Love the blue tennies on the bride!

My DIL wore red tennies at her wedding!

Reply
Aug 28, 2018 12:10:01   #
PGHphoto Loc: Pittsburgh, PA
 
rwww80a wrote:
I have been taking pictures for 50 years (started with a Nikkormat FTn) with candids at the many weddings I have attended through the years.

This was a first!

In the ceremony program there was a statement (printed in the middle of the first page of the program) about the "excellent" photographers the couple had hired and not to take cell phone pix and post during the ceremony. I had my Nikon 7200 and took some pix and went to the reception took a few more. The sister of the bride came up to me and said cease and desist, I tried to tell her that what I was doing was to make an album of candids for a gift for the happy couple which I have done many other times. I stopped, didn't want to make the bride unhappy. I even had the grandparents come up to me as ask me to shoot some portraits of them - which I declined to do at that point because I wasn't the "official" photog.
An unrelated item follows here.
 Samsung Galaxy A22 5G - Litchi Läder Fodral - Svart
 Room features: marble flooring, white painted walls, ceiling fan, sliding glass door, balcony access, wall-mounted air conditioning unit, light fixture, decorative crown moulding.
It made me feel bad for them later because I never saw the official wedding photogs over on the side of the room where they were sitting away from the noise.
Later the mother of the groom came up to me and explained that the picture statement in the program was done at the photographers insistence because the photographers didn't want their time and photos "devalued" by amateurs at the wedding. THEY are the picture takers and no one else can shoot the wedding? First I've heard of that! I had even been trying to stay out of the pros way so I wouldn't get in their way or ruin their shots! By the way, on the next day there must have been at least 10 postings on Facebook of cell phone vids and photos from the wedding and reception.

Are the pros really that paranoid and insecure about their work AND that amateurs could possibly make their work look bad or not as good? The photogs didn't even have the b...s to ask me themselves?

Yes in the past I have had several couples or families say that the album I put together as a gift was better than the pro BUT I think that because they were family.

Any other experiences or opinions???
I have been taking pictures for 50 years (started ... (show quote)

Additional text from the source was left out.